• [Assignment]: Type out the data exactly as given. Skip any image.

• [Supplied information]:
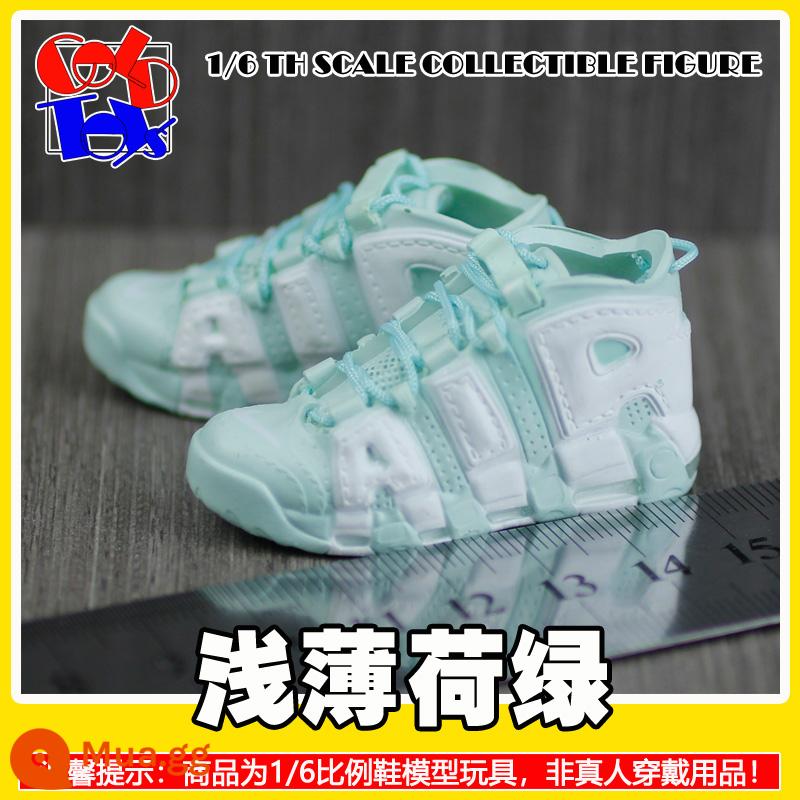 Hợp thời trang Handmade Sneakers Model Stereo Model Mini Shoes Pippen Series Trang trí quà tặng [Mẫu Zhongshan] - Xanh bạc hà nhạt [một cặp]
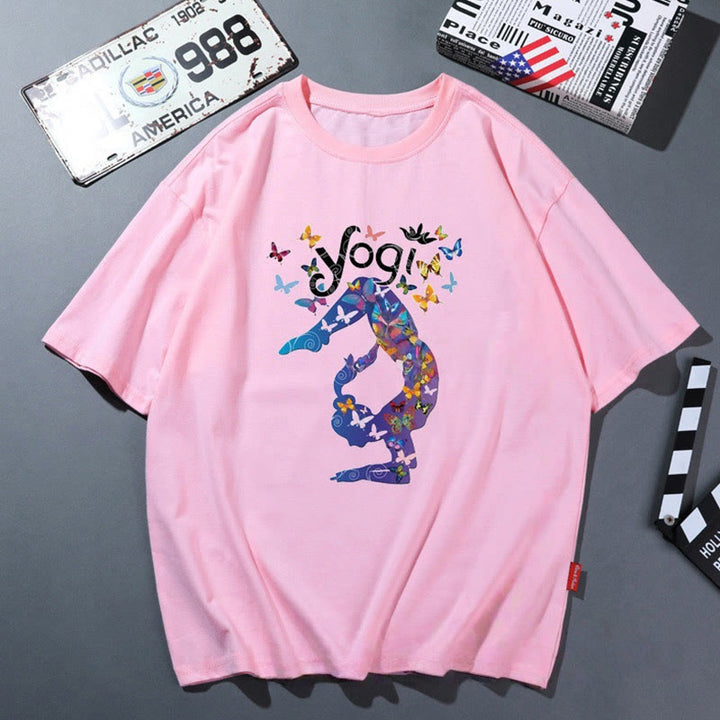 Camiseta de yoga transpirable y cómoda color rosa Olivenorma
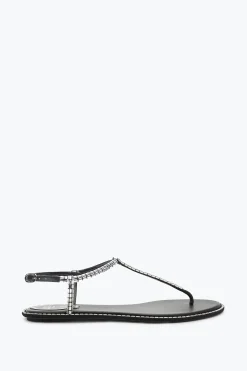 SANDALE DIANA NOIRE AVEC CRISTAUX BAGUETTE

• [Exercise result]:
 Hợp thời trang Handmade Sneakers Model Stereo Model Mini Shoes Pippen Series Trang trí quà tặng [Mẫu Zhongshan] - Xanh bạc hà nhạt [một cặp]
 Camiseta de yoga transpirable y cómoda color rosa Olivenorma
 SANDALE DIANA NOIRE AVEC CRISTAUX BAGUETTE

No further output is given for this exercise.